“In position.”
“Looks like your ride’s for nineteen minutes, plus or minus. Dean built the pad in a storage shed in the back yard, and every story he’s ever told indicates he couldn’t get it to work and abandoned it there until he finished his first bachelor’s degree … in ninth grade. So you shouldn’t have any spectators. Get in, read the tag, and hide until you ride back. Good to go?”
“Do it.”
Tiny beams of sunlight illuminated motes of dust kicked up by her arrival. She coughed into the crook of her elbow and waited for her eyes to adjust. The landing pad didn’t look like a prototype, it looked like a junk pile. Wires and tubes snaked everywhere over a stainless steel grid, a twisted mélange of spaghetti wiring. She never would have agreed to the jump had she seen the landing pad first. Still, nobody could beat Barry at his job, and the foam ride had been both painless and instantaneous.

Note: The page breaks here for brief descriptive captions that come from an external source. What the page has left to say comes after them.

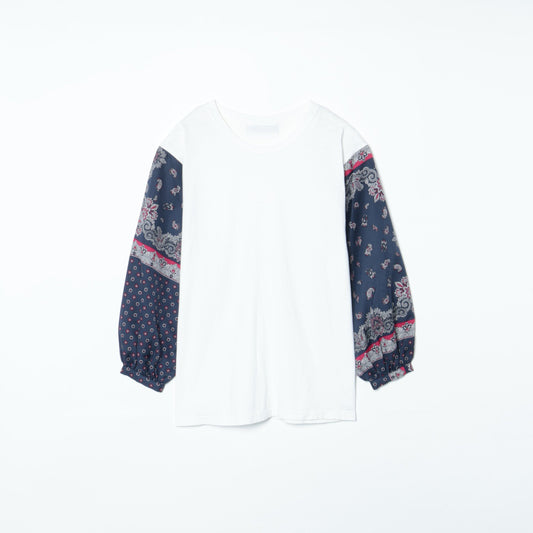 MAISON NO 8:Tシャツ/カットソー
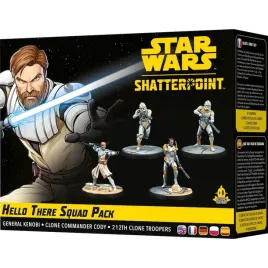 star-wars-shatterpoint-witajcie-general-obi-wan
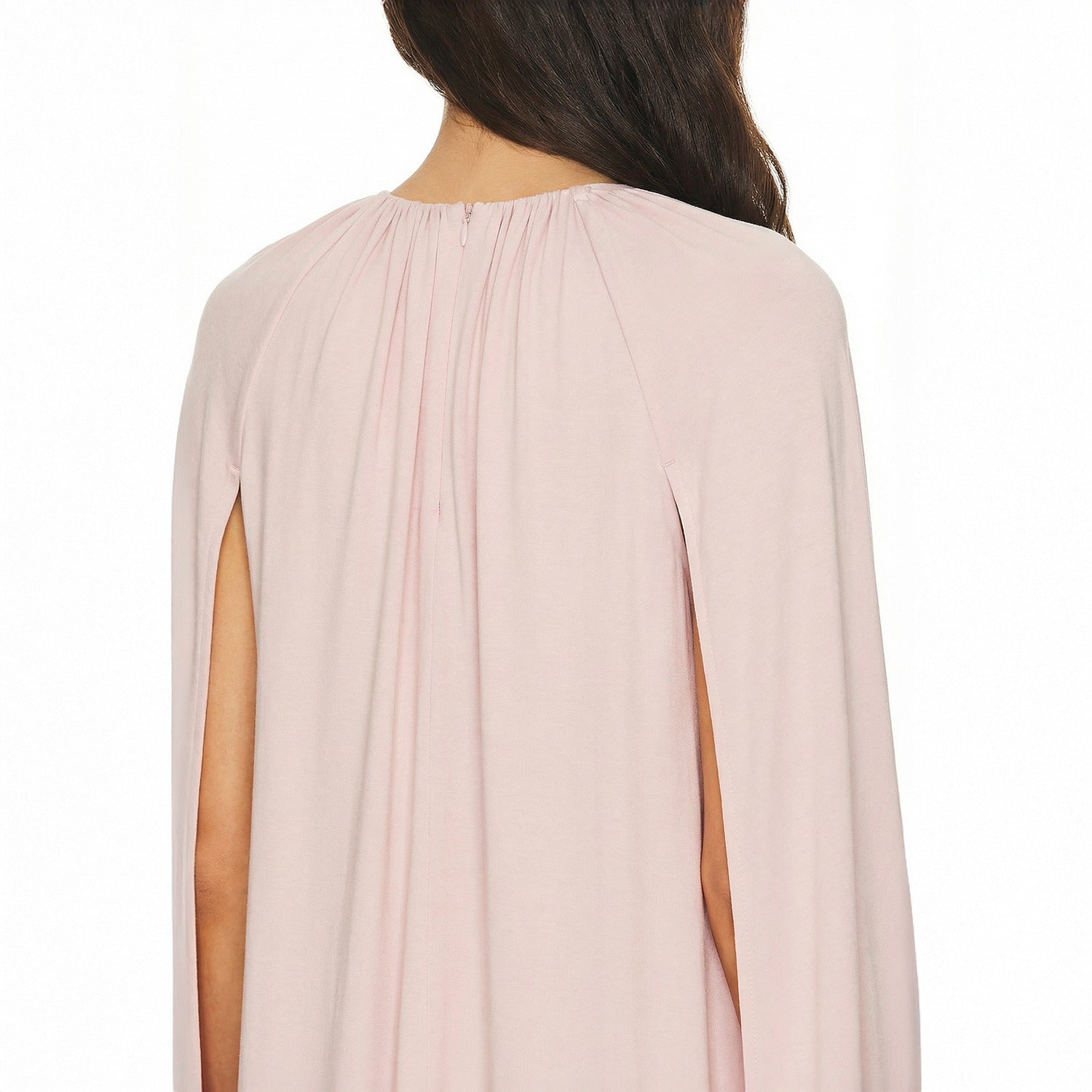 Vestido Bat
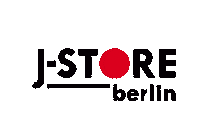Sticker by J-Store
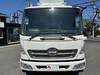HINO OTHER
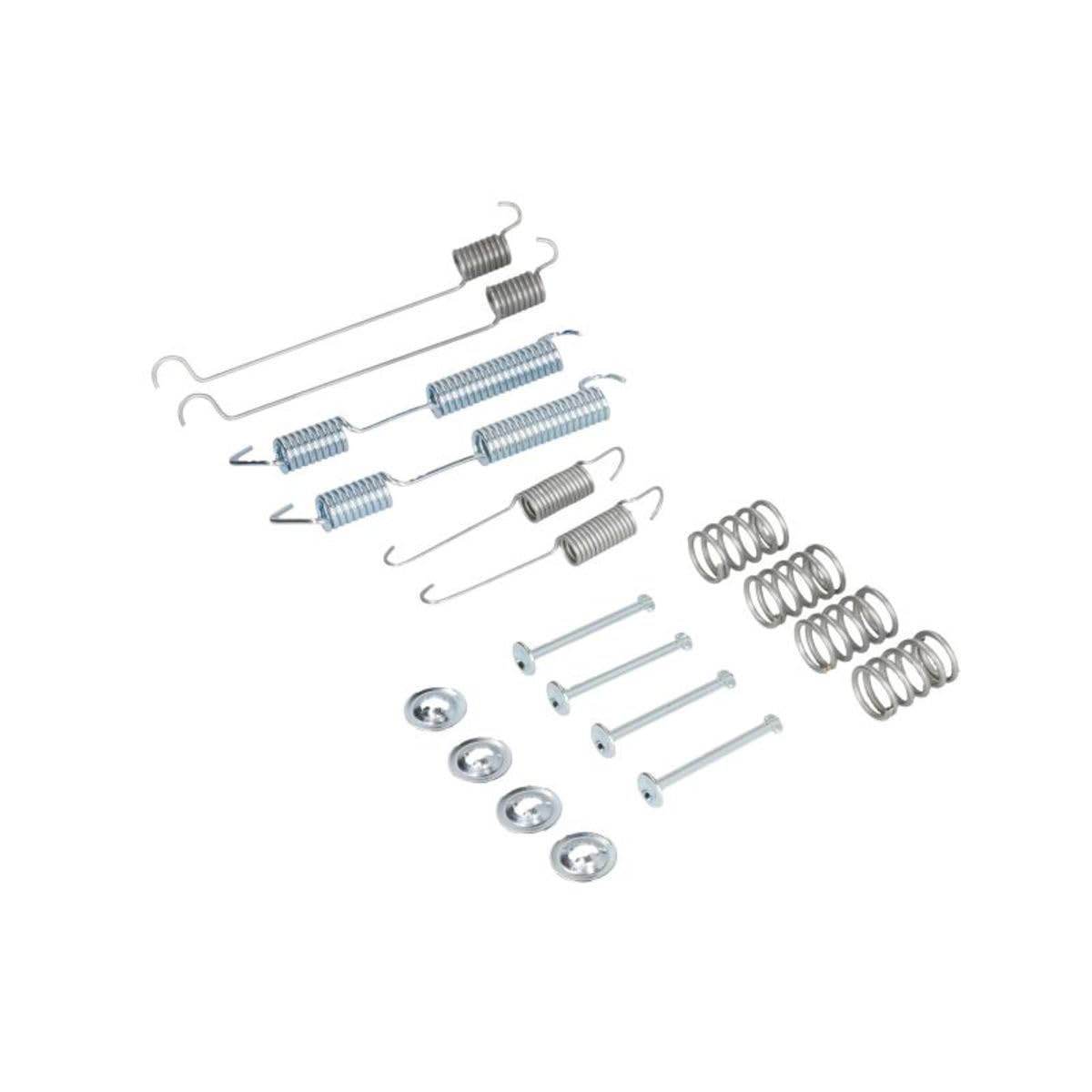 Bosch 1987475089 Zubehör-Set von Bosch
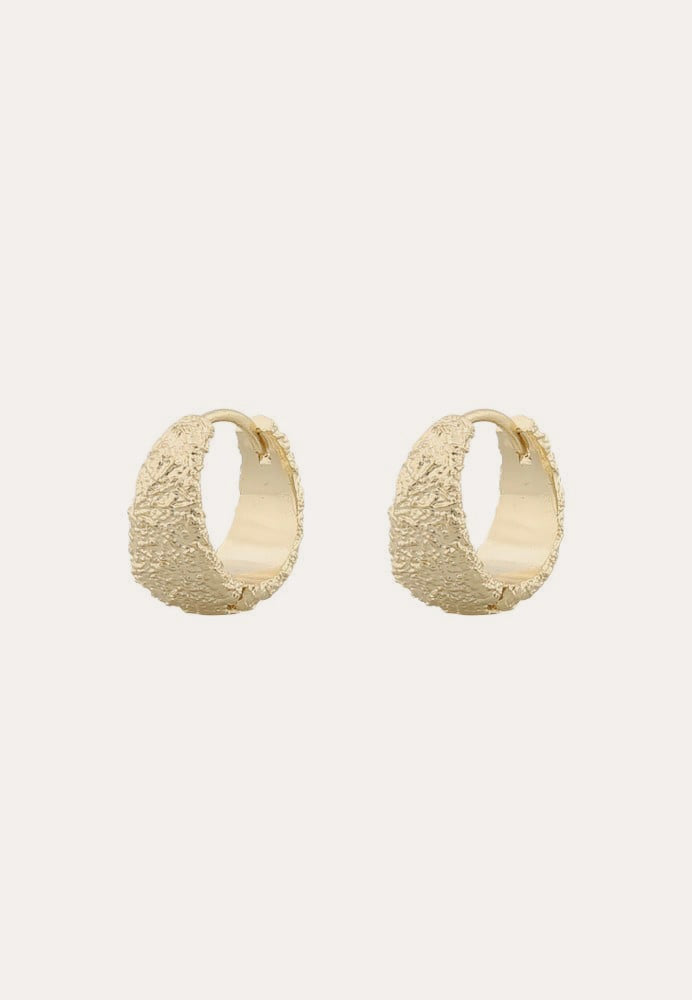 Florence earring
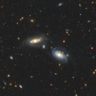 https://portal.nersc.gov/project/cosmo/data/sga/2020/html/358/PGC095009_GROUP/thumb2-PGC095009_GROUP-largegalaxy-grz-montage.png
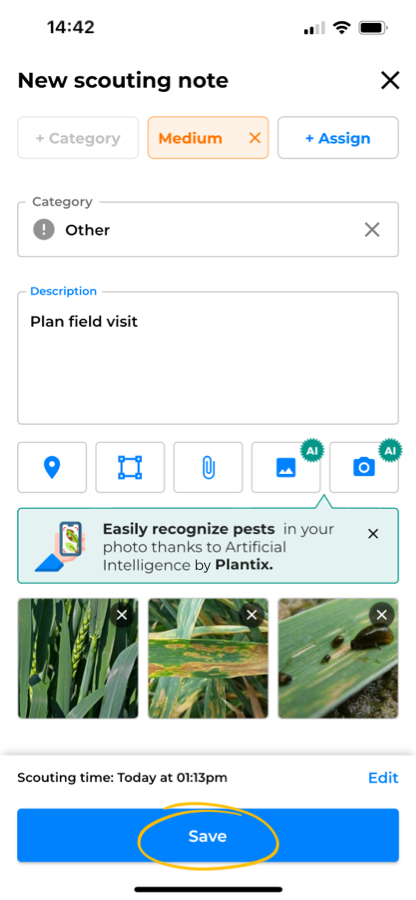 Plantix-SKYFLD-Mobile_14.jpg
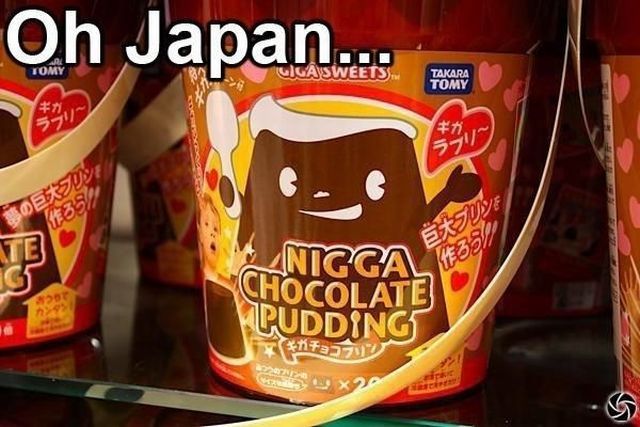 Bildschirmarbeiter - Picdump 18.01.2013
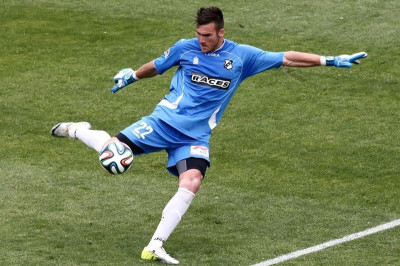 Φερνάντεζ: «Μετά το δοκάρι έπεσε η ψυχολογία μας»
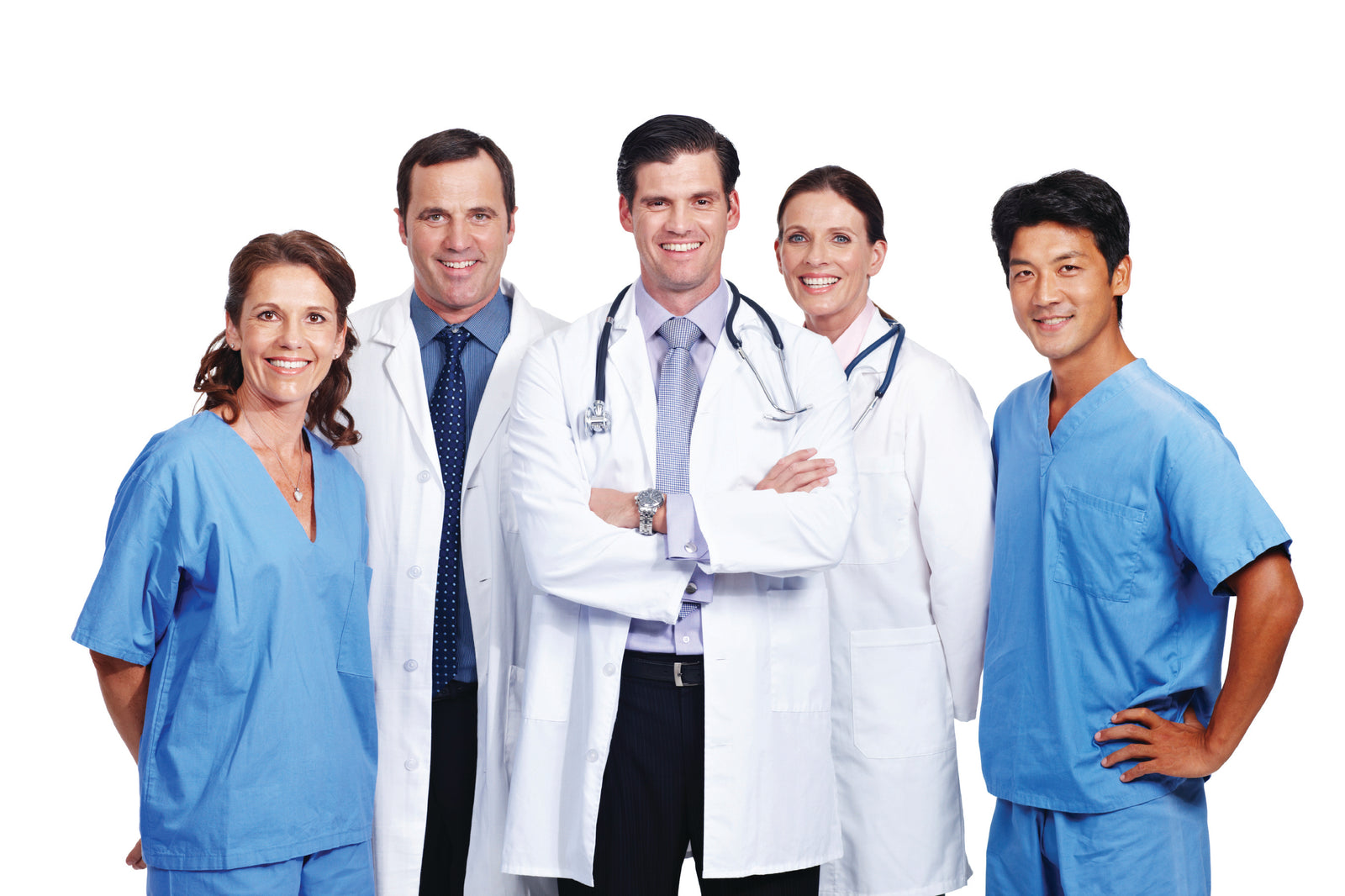 Who Treats Diabetic Neuropathy?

The storage shed—more of a rickety wooden shack—held massive piles of old tech: laptop computers, photomultiplier tubes, smart phones, oscilloscopes, and heaps of engineering-related equipment she didn’t recognize. Amidst the tech stood rakes, shovels, a stack of faux-clay pots, and several bags of red cedar mulch. A paper wasp nest buzzed in the far corner; the insects paid her no attention whatsoever.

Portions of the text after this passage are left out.